A Passion for Aviation, Engineering, and Public ServiceMarch 2016
Aerospace and systems engineer Sara Iacobucci always wanted to work in the field of aviation and serve the public interest. "I love aviation, I love optimizing systems and creating efficiencies, and I wanted my work to benefit the general public," she says. "I did some research and discovered I could do all of that here at MITRE."
Iacobucci joined MITRE in the spring of 2013 and has contributed to a variety of projects since then. Her work supports the Center for Advanced Aviation System Development (CAASD), the federally funded research and development center MITRE operates for the Federal Aviation Administration.
Helping the World's Aviation Systems Work Together
In one project, she helped analyze air traffic controllers' information display systems to see how to improve them. "We examined the existing systems and talked with controllers to learn what they needed," she explains. "Using that information, we developed a concept, functional analysis, and requirements for a new system that would meet those needs."
Iacobucci is also working to introduce efficiencies into the Asia Pacific region's air traffic management systems. Her particular focus is Indonesia. "With MITRE's international sponsors, we are able to take what we've learned from our work for the FAA and apply that to the aviation issues other nations are facing. Conversely, we can bring lessons learned back home to better support the FAA," she says.
The impacts of these projects, Iacobucci notes, are diverse. "We're enabling controllers to do their jobs more effectively. We're helping passengers get places faster and more efficiently. We're improving aviation safety in other parts of the world, and we're supporting efforts to bring all the world's air traffic management systems into greater harmony."

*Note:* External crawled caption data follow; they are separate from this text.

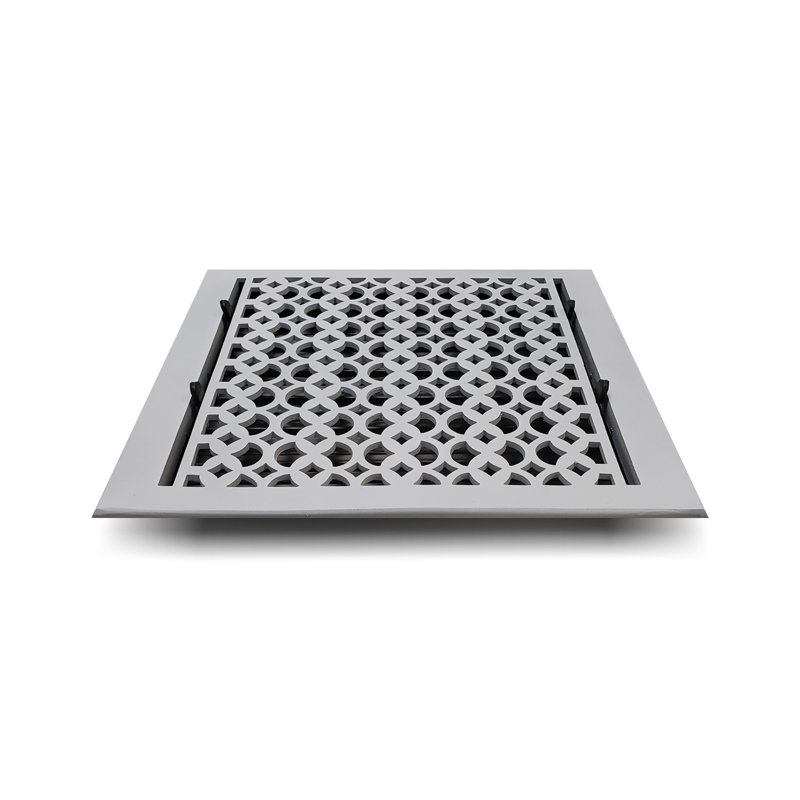 Taille de registre de la plaque de ventilation de plancher avec plaque supérieure de l'amortisseur, Gris, 9 po x 12 po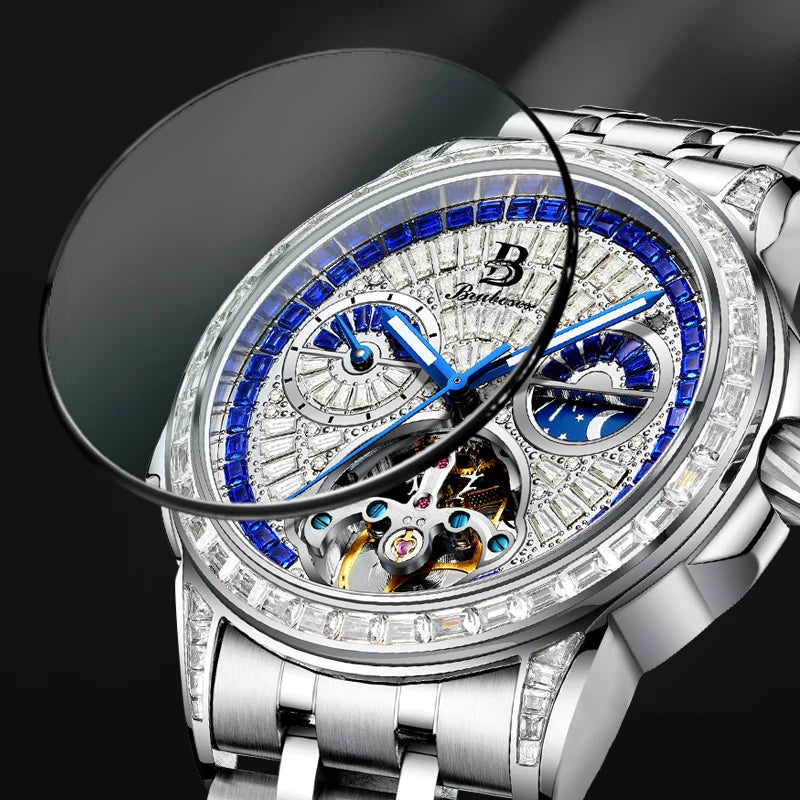 BRUBOSES Men's Skeleton Automatic Mechanical Winding Watch Stainless Steel Sapphire Crystal Waterproof Fashion Sports Watch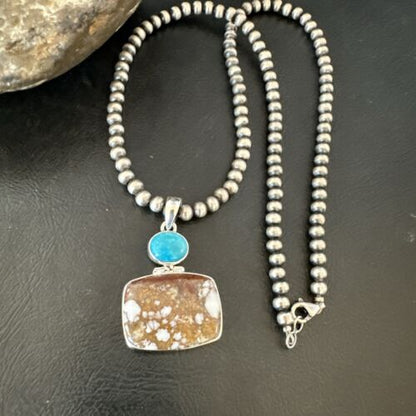Men's Wild Horse Blue Kingman Turquoise Necklace | Sterling Silver SW Pendant | 17325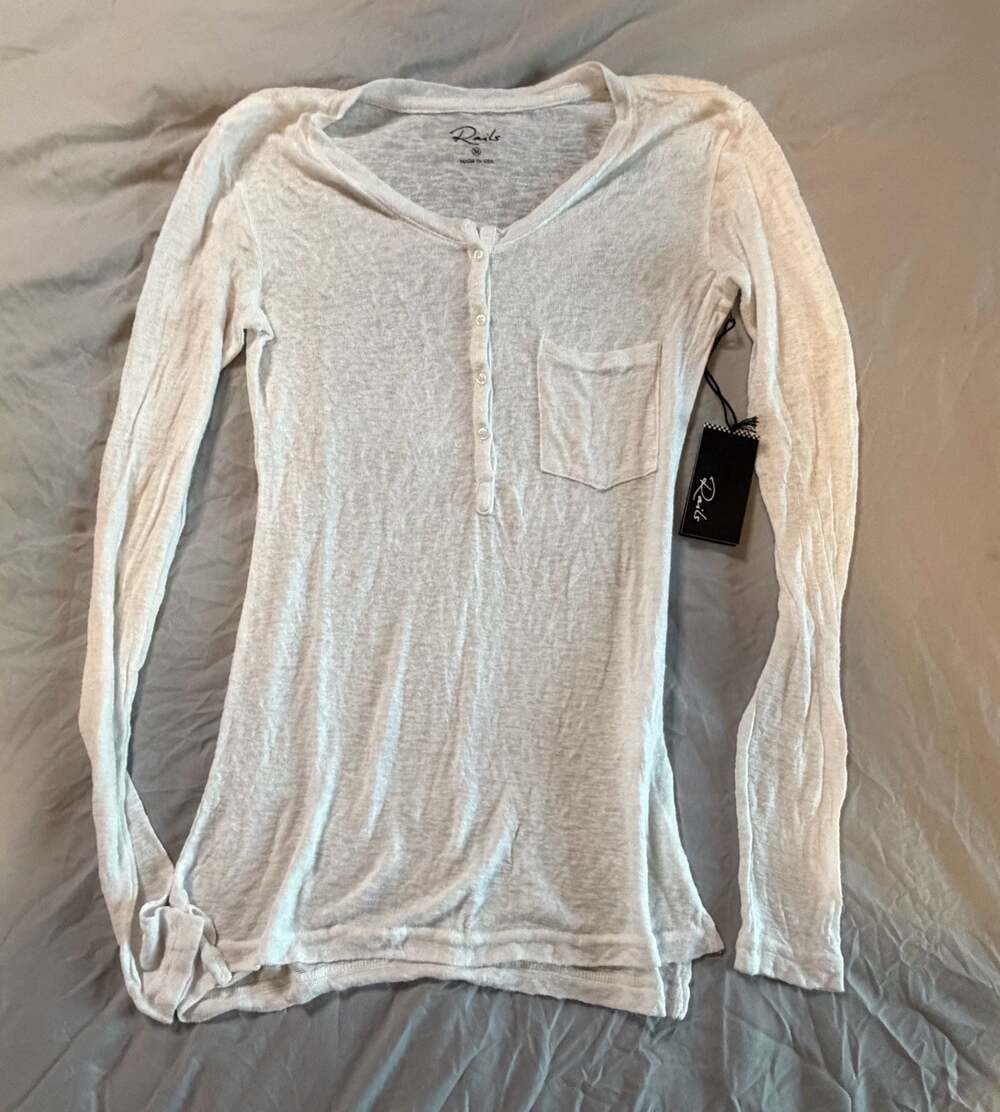 Rails Ivory Sheer Slub Knit Pocket Henley Long Sleeve Top
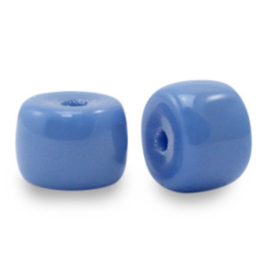 10 x rondellen glaskralen Princess blue  8mm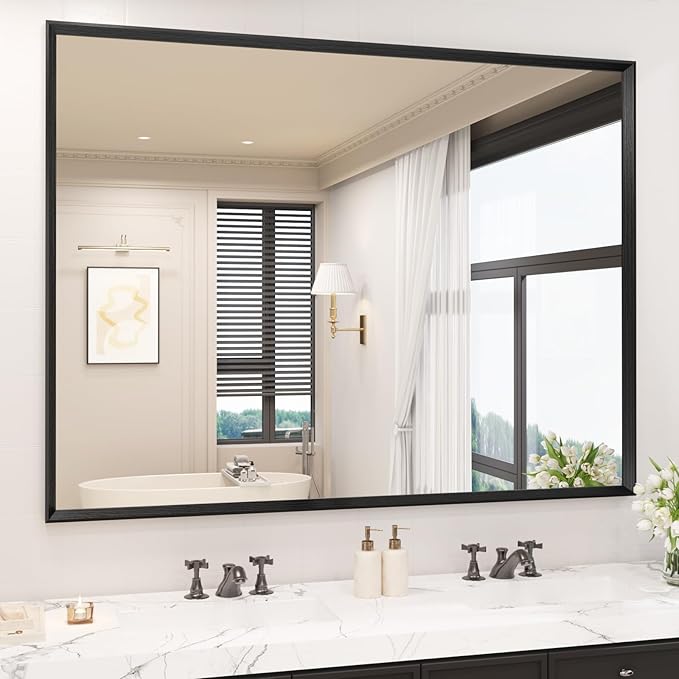 JISOSO Bathroom Vanity Mirror 48x36 Inch, Matte Black Rectangle Bathroom Mirror, Anti-Rust, 4MM Tempered Glass, Wall-Mounted Mirror, Hangs Horizontally or Vertically for Bathroom & Bedroom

Diverse Points of View Yield Better Results
Equally diverse, she says, are the teams she's served on. "Many of our teams include systems engineers, human factors engineers, and operational subject matter experts for all the different air traffic control domains. When we put all those different perspectives together, we get some great problem-solving and innovation."
Iacobucci credits her team members with helping increase her own expertise, too. "I work with some really smart, busy people, but I haven't met anyone who isn't willing to take the time to answer my questions. Everyone has a genuine interest in sharing their knowledge to bring the whole team up."
Iacobucci is also grateful for opportunities for growth that fall outside her job duties. "One of the great things about MITRE," she says, "is that if you are interested in something and you have a passion for it, there is the opportunity to go and find your place in it."
For her, that has included joining teams that were creating and implementing mentoring and shadowing programs at MITRE. Iacobucci also joined NextUp, a group designed to facilitate growth and connections among early career professionals at MITRE. She now helps lead a chapter of that group in MITRE CAASD.
"These are just some of the programs MITRE offers to help you learn and grow," Iacobucci says. "Even if you're not exactly sure what your career goals are, there are people here who will work with you to help you find that path. MITRE is here to support you in whatever way you need."